EXERCISE DESCRIPTION: Transcribe exactly the lines that fall between the one holding "VOLKSWEISE - Auf" and the one holding "Electric Coffee Grinder", inclusive, from the entries below.

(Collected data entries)
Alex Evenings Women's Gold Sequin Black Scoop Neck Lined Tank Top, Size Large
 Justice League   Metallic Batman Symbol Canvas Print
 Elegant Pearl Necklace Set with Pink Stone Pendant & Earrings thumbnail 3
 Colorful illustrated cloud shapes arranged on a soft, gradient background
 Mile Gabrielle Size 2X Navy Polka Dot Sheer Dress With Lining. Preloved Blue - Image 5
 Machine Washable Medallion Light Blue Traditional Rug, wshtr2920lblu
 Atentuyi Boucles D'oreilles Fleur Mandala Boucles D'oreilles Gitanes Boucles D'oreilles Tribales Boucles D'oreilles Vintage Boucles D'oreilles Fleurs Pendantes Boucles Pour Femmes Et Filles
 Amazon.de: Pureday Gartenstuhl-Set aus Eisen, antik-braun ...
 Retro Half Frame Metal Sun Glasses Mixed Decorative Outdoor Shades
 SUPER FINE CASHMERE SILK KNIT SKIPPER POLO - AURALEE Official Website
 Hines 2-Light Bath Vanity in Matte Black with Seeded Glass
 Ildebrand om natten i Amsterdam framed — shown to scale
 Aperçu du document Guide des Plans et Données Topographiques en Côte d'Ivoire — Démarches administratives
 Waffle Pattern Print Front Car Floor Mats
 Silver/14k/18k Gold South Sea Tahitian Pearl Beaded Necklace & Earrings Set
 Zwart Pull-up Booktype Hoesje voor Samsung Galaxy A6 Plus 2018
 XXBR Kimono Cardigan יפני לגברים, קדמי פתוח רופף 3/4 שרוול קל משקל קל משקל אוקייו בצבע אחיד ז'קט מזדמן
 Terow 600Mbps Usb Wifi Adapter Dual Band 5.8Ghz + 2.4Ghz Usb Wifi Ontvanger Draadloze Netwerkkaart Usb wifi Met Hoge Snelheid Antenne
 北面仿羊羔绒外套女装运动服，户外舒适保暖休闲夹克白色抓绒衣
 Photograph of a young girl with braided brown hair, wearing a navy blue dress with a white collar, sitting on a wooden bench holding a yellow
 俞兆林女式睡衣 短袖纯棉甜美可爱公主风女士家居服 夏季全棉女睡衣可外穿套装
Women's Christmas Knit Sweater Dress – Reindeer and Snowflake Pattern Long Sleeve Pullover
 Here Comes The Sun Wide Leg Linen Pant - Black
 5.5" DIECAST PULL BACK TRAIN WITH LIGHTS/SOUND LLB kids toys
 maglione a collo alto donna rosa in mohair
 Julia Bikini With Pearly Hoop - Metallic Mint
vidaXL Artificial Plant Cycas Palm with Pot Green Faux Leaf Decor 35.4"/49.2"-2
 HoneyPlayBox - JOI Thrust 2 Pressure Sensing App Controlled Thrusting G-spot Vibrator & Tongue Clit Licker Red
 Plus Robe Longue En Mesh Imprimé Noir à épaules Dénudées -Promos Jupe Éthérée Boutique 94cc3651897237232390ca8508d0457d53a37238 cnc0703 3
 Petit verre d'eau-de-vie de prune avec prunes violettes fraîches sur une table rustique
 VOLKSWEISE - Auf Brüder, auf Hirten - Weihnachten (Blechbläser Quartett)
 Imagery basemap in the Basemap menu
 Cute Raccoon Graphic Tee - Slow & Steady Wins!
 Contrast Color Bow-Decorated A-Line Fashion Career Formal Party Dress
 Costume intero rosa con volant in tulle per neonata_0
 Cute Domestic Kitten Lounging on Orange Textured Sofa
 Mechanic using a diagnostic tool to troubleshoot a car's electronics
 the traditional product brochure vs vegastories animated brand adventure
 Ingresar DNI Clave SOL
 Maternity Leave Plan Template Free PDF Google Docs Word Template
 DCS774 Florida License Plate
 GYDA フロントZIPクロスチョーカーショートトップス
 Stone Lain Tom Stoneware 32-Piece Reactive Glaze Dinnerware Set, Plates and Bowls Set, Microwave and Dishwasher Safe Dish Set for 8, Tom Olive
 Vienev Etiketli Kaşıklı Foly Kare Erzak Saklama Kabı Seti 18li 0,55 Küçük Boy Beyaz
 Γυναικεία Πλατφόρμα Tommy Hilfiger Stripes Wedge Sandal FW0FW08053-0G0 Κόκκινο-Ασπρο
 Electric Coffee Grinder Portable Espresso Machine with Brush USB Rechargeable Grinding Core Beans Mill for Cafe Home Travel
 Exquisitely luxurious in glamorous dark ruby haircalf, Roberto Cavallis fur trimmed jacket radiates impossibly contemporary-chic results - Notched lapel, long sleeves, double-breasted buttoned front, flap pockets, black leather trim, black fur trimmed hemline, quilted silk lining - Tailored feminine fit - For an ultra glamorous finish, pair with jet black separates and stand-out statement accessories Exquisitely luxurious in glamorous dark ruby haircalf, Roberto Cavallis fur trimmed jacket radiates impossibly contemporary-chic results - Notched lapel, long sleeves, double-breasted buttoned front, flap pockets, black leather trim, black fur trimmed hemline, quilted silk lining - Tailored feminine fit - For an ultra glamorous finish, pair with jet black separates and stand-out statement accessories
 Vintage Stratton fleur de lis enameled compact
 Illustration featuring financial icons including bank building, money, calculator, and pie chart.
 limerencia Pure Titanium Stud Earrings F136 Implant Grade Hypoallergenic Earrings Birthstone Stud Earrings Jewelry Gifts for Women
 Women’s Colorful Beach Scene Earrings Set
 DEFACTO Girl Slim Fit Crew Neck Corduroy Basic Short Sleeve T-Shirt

ANSWER BOX:
 VOLKSWEISE - Auf Brüder, auf Hirten - Weihnachten (Blechbläser Quartett)
 Imagery basemap in the Basemap menu
 Cute Raccoon Graphic Tee - Slow & Steady Wins!
 Contrast Color Bow-Decorated A-Line Fashion Career Formal Party Dress
 Costume intero rosa con volant in tulle per neonata_0
 Cute Domestic Kitten Lounging on Orange Textured Sofa
 Mechanic using a diagnostic tool to troubleshoot a car's electronics
 the traditional product brochure vs vegastories animated brand adventure
 Ingresar DNI Clave SOL
 Maternity Leave Plan Template Free PDF Google Docs Word Template
 DCS774 Florida License Plate
 GYDA フロントZIPクロスチョーカーショートトップス
 Stone Lain Tom Stoneware 32-Piece Reactive Glaze Dinnerware Set, Plates and Bowls Set, Microwave and Dishwasher Safe Dish Set for 8, Tom Olive
 Vienev Etiketli Kaşıklı Foly Kare Erzak Saklama Kabı Seti 18li 0,55 Küçük Boy Beyaz
 Γυναικεία Πλατφόρμα Tommy Hilfiger Stripes Wedge Sandal FW0FW08053-0G0 Κόκκινο-Ασπρο
 Electric Coffee Grinder Portable Espresso Machine with Brush USB Rechargeable Grinding Core Beans Mill for Cafe Home Travel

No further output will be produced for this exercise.